### Working data
───

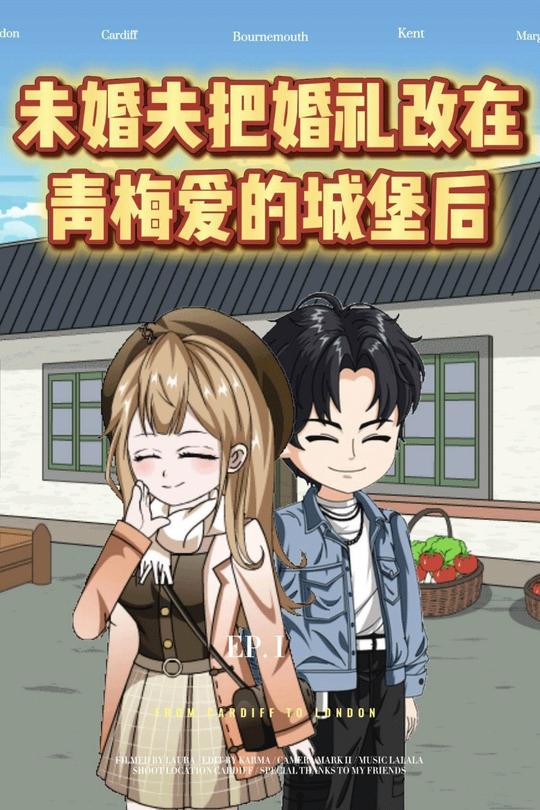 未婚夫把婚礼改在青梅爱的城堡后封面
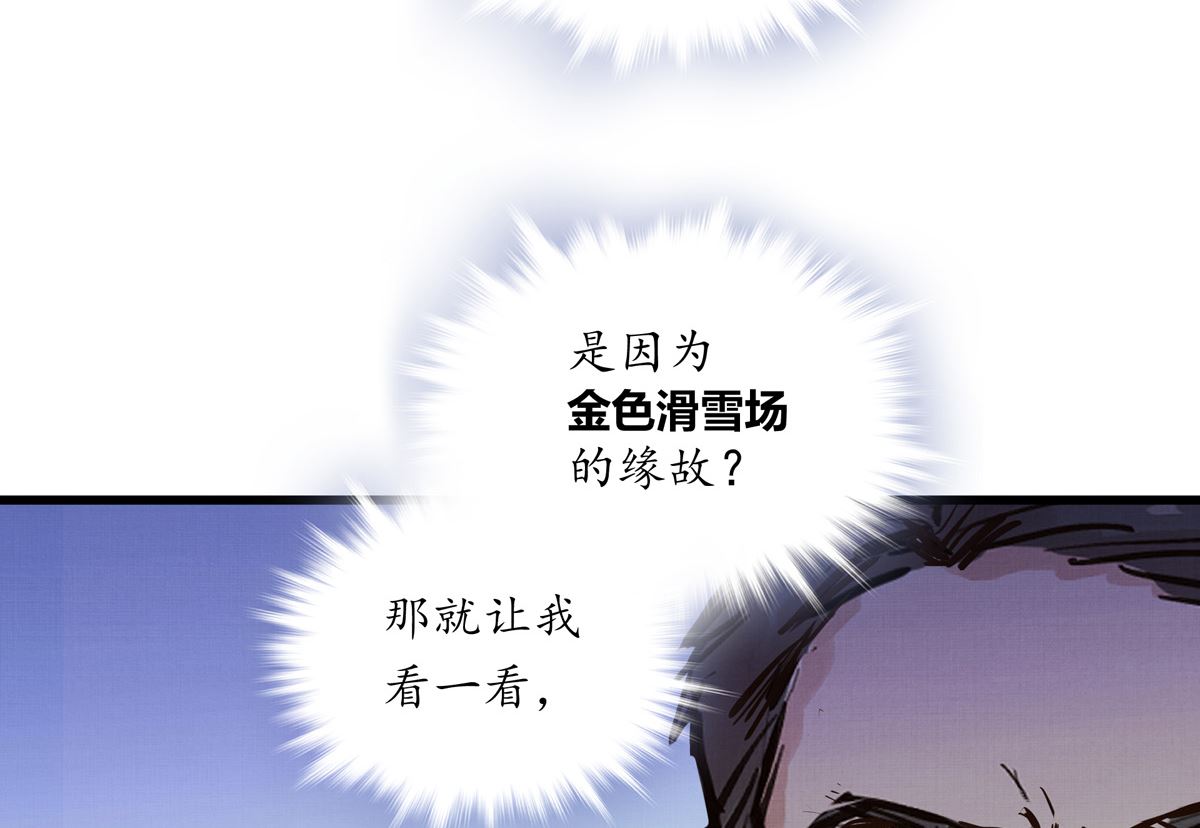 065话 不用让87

───

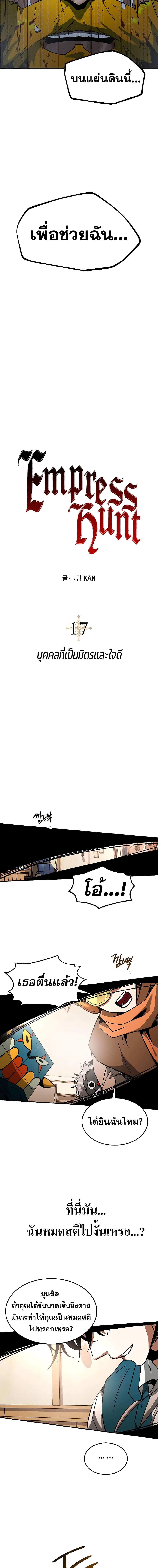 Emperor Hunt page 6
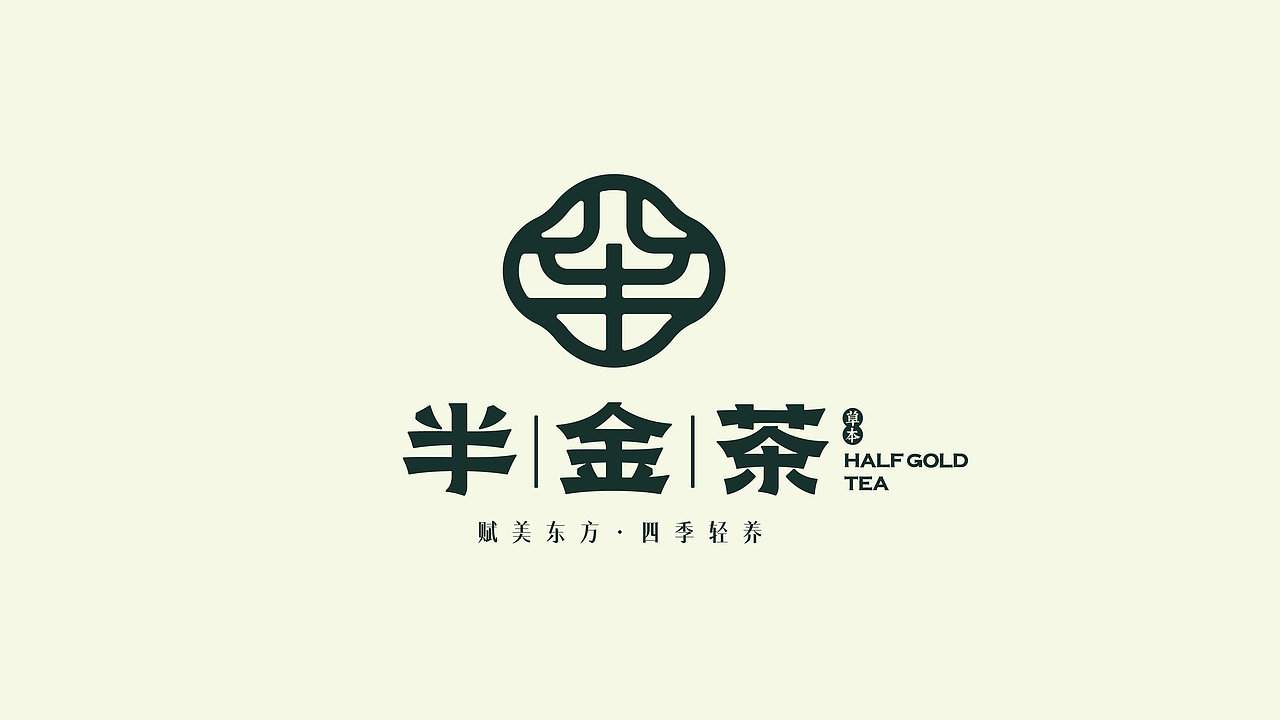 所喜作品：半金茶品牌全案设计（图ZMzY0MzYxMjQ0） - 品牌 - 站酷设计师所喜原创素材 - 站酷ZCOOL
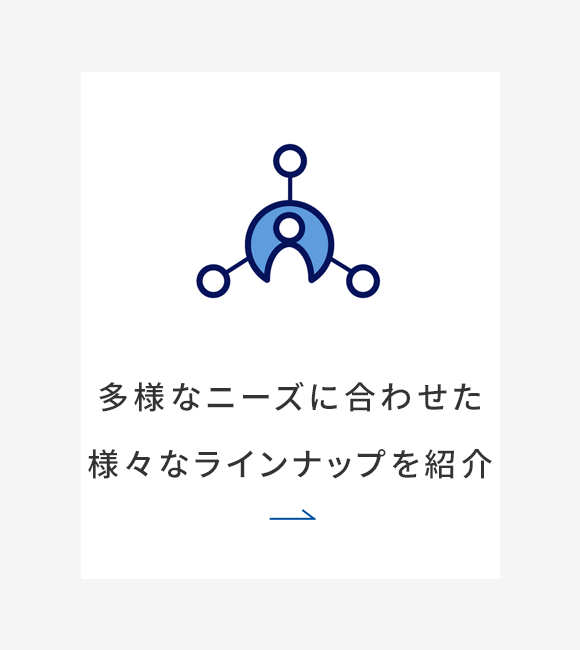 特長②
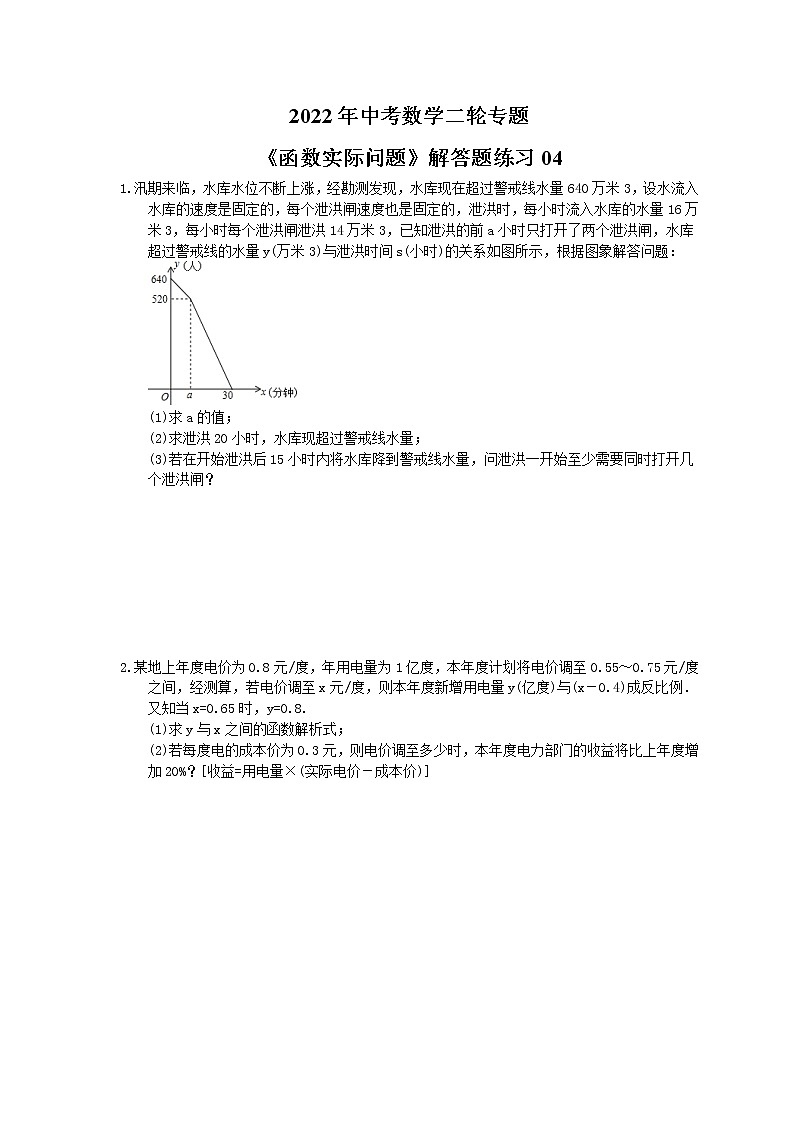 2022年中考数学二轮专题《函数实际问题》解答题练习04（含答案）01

───

### Work required
From the material above, give again exactly the lines from the one that contains "Emperor Hunt page 6" through the one that contains "2022年中考数学二轮专题《函数实际问题》解答题练习04（含答案）01", and leave out the pictures.

### Expected answer
 Emperor Hunt page 6
 所喜作品：半金茶品牌全案设计（图ZMzY0MzYxMjQ0） - 品牌 - 站酷设计师所喜原创素材 - 站酷ZCOOL
 特長②
 2022年中考数学二轮专题《函数实际问题》解答题练习04（含答案）01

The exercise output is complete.